The second one is just after setting up of UDP header. It checks if arg_1C is 0. If it is 4 local variables are used to set up source address. arg_1C seems to be a some kind of flag. Checking how those 4 local variables are set up gives the final answer: arg_1C == 0 means the source address is given as an IP number and arg_1C != 0 means there is a hostname to resolve.

Destination address is set in 2 places: in the IP header and in the sockaddr_in structure. Both are set (surprise, surprise) to the same value taken from the location pointed by var_66c. This variable points to some element inside dword_0_806D22C table. Seems like the-binary is holding a table of 11418 DNS servers which are used as reflectors in this attack.

Now all of the pieces are in their places and it's to easy to follow execution flow. First local variables are initialized and a local copy of DNS queries and their lengths is made. A raw socket is created (in case of a failure the routine ends) and the buffer which will hold a DNS packet is zeroed.

Then loc_0_8049250 is reached which is referenced from the code below (as you can see by the arrow pointing down) which probably indicated a loop. The first reference points to a small loop in which given hostname (if any) is resolved (I've already covered this snippet). The second one is way down, almost at the of the routine. As you can see the epilogue can only be reached if creation of a raw socket fails so the jump to loc_0_8049250 makes an infinite loop.

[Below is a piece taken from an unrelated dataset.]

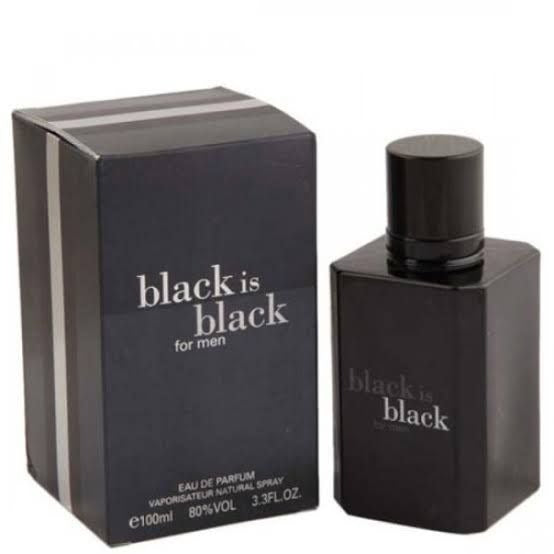 Black is black perfume for men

loc_0_80492C4 seems to be another loop. Looking at the condition at loc_0_8049530 it's easy to deduct that this one interates over all of the 9 DNS queries hadrcoded in the-binary. This loops starts with choosing a random number in range [0..7999] (and storing it in EDX) if var_654 is 1. It's initialized to 1 outside all loops and set to 0 after positive check. If var_654 is already 0 EDX is set 0. var_654 is not modified anywhere else so it's a flag variable which indicates if the code executes first iteration. After the first iteration flag is cleared.

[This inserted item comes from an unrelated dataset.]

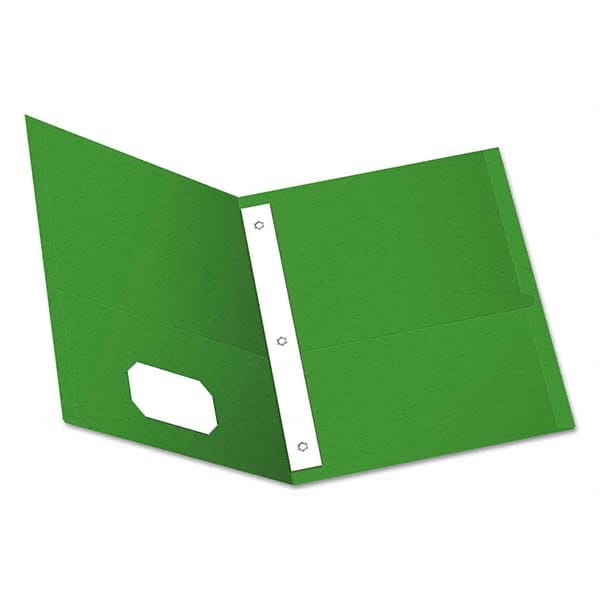 Pocket Folder: Letter, Green, 25/Pack MPN:OXF57703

EDX is then used as and index to dns_servers table which holds the IP addresses of DNS servers. If we accidentaly found a 0 on the list the query pointer is dvanced to the next query and the outer loop continues. Howver with more than 11000 positions in the table it's not possible to find a 0 in the first 8000 so this check is rather useless.

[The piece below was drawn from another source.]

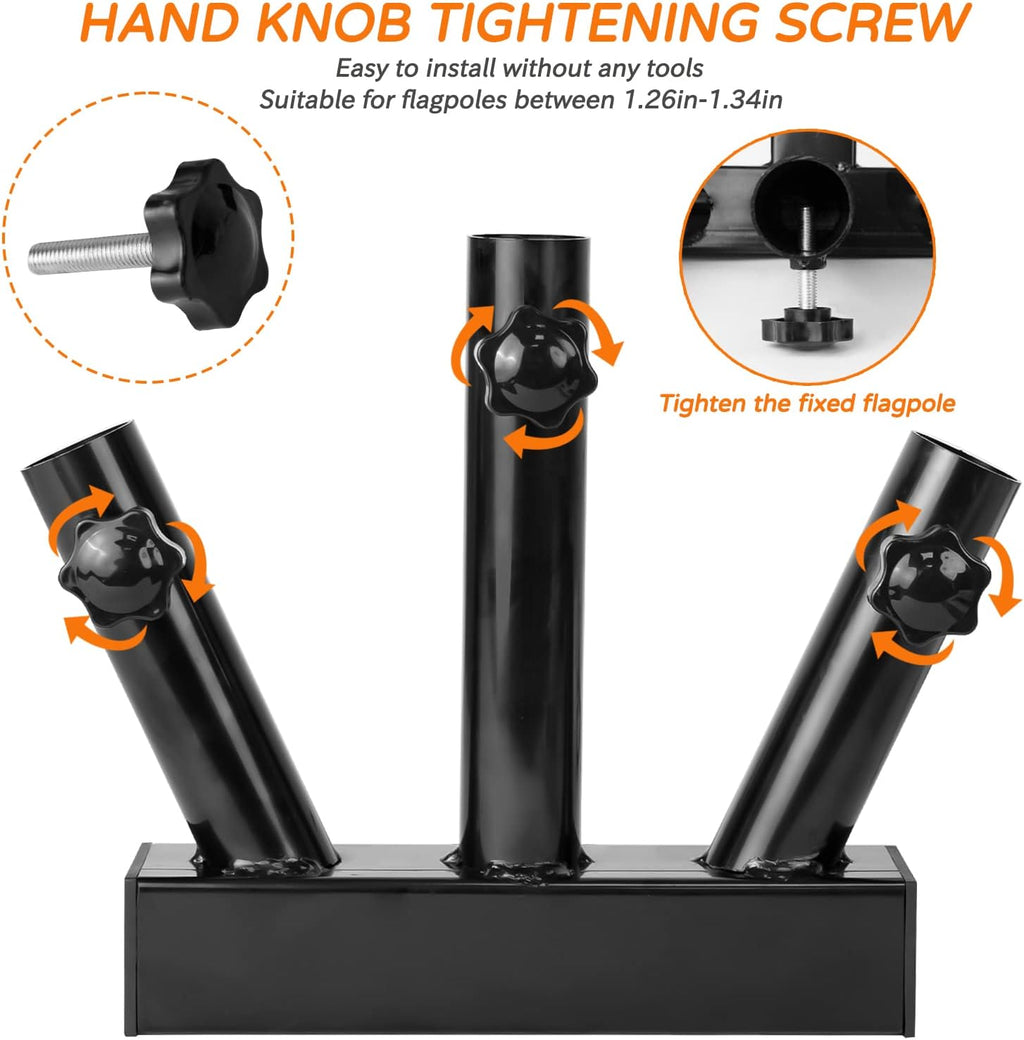 Hitch Mount Flagpole Holder for 2 inches Receiver X217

Now execution reaches loc_0_8049308 which is the most inner loop found in this routine. This one iterates over DNS servers on the list until 0 is reached. If it is the pointer is advanced and the next query is used. Inside the loop the packet is prepared: actual query copied, random DNS query id chosen, a random UDP source port (in range [0..29999]) is chosen if none given (to be exact: if 0 given), UDP destination port set to 53, length computed (based on queries' length table), source and destination address filled, UDP checksum zeroed (UDP packets are not requiered to have checksum computed, 0 means no checksum), proper value in IP version and header length set, random TTL chosen (120+random()%130), random IP ID (in range [0..254]) chosen, IP protocol set to UDP, fragmentation and flags set to 0 and finally IP checksum computed. Then the packet is sent and complex formulaes are evaluated in order to determine if it's time to sleep ;-) The code generated here was optimized with gcc so I won't try to describe how it works with natural language, I'll use C for that matter:

if (arg_10 == 0) {
  usleep(300);
  var_668--;
} else if (arg_10 == var_664) {
  usleep(300);
  var_664 = 0;
  var_668--;
} else var_664++;

After this analysis you can clearly see it's a DNS reflector attack. It uses a hard-coded list of DNS servers which serve as reflectors and a hard-coded list of 9 queries used in the attack. 4 of the queries are buggy and don't trigger the effect of bandwidth amplification but the rest are properly constructed DNS queries and the response sent to the victim is almost twice the size of request.